| EXERCISE DESCRIPTION |
Only the pictures are to be left out, and the rest of the entries should be reproduced exactly.

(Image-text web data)
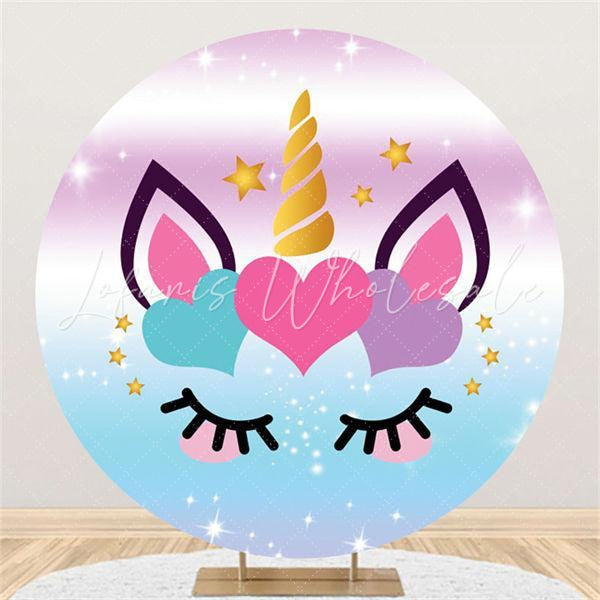 Lofaris Love Unicorn Round Baby Shower Party Backdrop For Girl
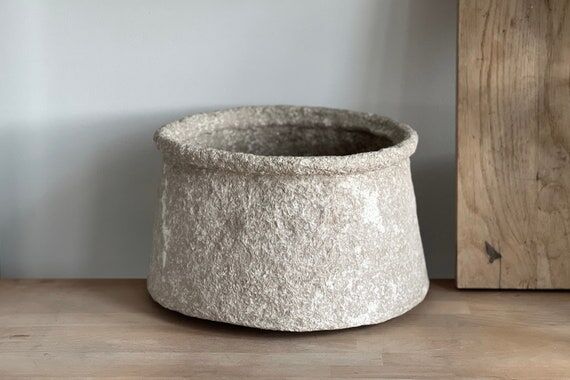 Handmade Paper Mache Vase: Modern Minimalist ...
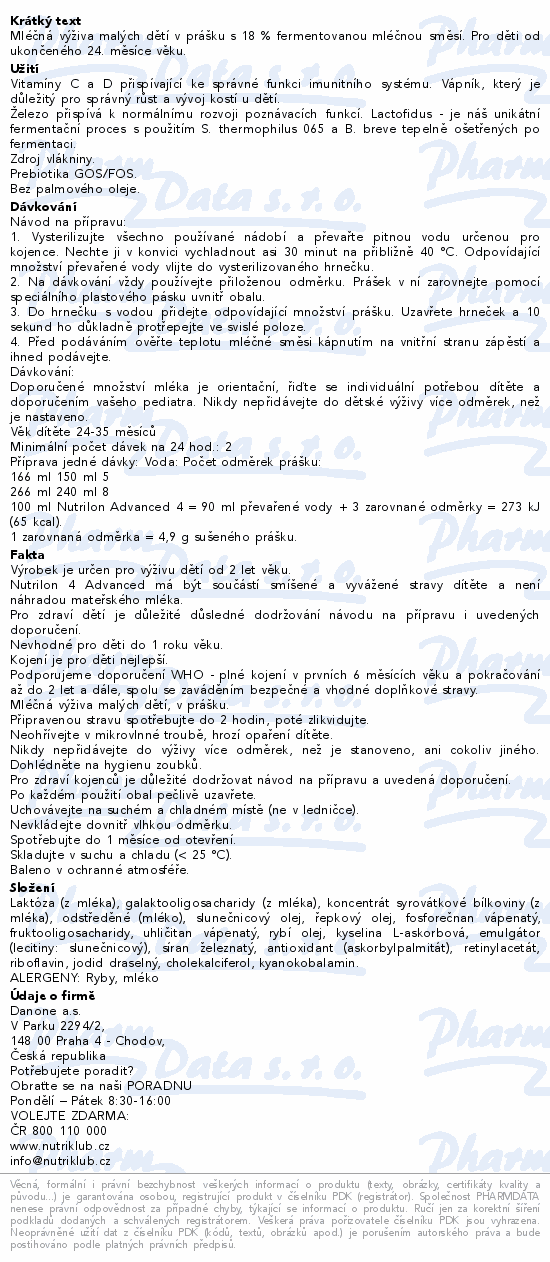 Nutrilon Advanced 4 800g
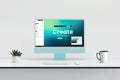 Modern web design studio with computer display showcasing site creation editor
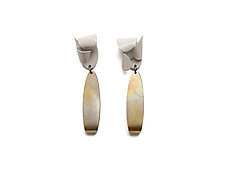 Fold & Drop Earrings by Ashley Buchanan (Brass & Silver Earrings)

| TASK OUTPUT |
 Lofaris Love Unicorn Round Baby Shower Party Backdrop For Girl
 Handmade Paper Mache Vase: Modern Minimalist ...
 Nutrilon Advanced 4 800g
 Modern web design studio with computer display showcasing site creation editor
 Fold & Drop Earrings by Ashley Buchanan (Brass & Silver Earrings)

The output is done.